Костенко устроился возле маленького бело-красного кухонного столика, улыбнулся:
— А ведь воистину счастливый брак — это затянувшийся диалог… Мне с тобой чертовски хорошо, Маняш…
— Заведи молодую любовницу, тогда еще больше оценишь… Хочешь рюмку? С устатку, а?
— Стакан хочу.
— Плохо тебе?
— Очень.
— Да что ж он тебе такого наговорил? Черт старый!
— Не надо так… Он — чудо… Он выдержал испытание знанием ужаса… И остался жив… Нет, я неверно сказал… Не как медуза там какая, а как гражданин идейной убежденности…
— Ты не боишься таких людей? — спросила Маша, налив ему водки и поставив на длинную деревянную подставочку сковородку с картошкой; лук слегка обжарен, присыпано петрушечкой; четверть века вместе, каждый понимает каждого ("знает" в этом случае звучит кощунственно, протокольно; впрочем, и "понимает" — не то; "ощущает" — так вернее).
— Каких? — спросил он, медленно выпив стакан водки. — Сформулируй вопрос точнее, Маняш…
— После всех этих ужасов, о которых пишут, после моря крови… У меня перед глазами все время стоит письмо Мейерхольда, как его, старика, били молодые люди, которые не могли не помнить театра имени Мейерхольда… Как можно остаться идейным?

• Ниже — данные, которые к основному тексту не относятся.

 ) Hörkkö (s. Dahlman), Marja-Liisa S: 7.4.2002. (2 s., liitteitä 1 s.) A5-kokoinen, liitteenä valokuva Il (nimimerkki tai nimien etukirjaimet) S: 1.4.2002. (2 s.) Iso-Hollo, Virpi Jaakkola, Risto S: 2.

Я понимаю, это не мимикрия, но все же, по-моему, это борьба за себя, Славик, борьба за свою обгаженную жизнь, за крушение идеи…
Костенко ковырнул картошку, есть, однако, не стал, хотя мечтал об ужине, пока трясся в автобусе…
— Робеспьер был идейным человеком, Маняш…
— А сколько голов нарубил?
— Давай тогда предадим анафеме и Пугачева, и Кромвеля, и Разина… Действие рождает противодействие… Око за око, зуб за зуб… Из ничего не будет ничего… После республики Робеспьера появилось консульство "железных" диктаторов, а после — император Наполеон… А потом вернулись Бурбоны, родившие — своей дурью — террор новой революции, которая наряду с лучшими людьми поднимает и муть, люмпен, жестокость, месть… Но ведь — через кровь и восстания — все кончилось демократической республикой… Значит, несмотря на реакцию, кто-то хранил веру в государственную уважительную доброту? Если бы до февраля семнадцатого Россия властвующая — крохотулечка, процент от всего населения — поделилась своими благами с массой народа, думаешь, люди б пошли громить околотки? Если б в сентябре Керенский дал народу хоть что-либо, кроме свободы слова и митинга, думаешь, Октябрь победил бы?
— Ты стал отставным крамольником, — сказала Маша и автоматически, по привычке, включила маленький приемник.
— Выключи, — сказал Костенко. — Как не стыдно…
— Мне не стыдно, Славик… Мне страшно. И чем дальше— тем больше… Сейчас всем страшно, милый…
— Оттого, что много говорим, а мало делаем?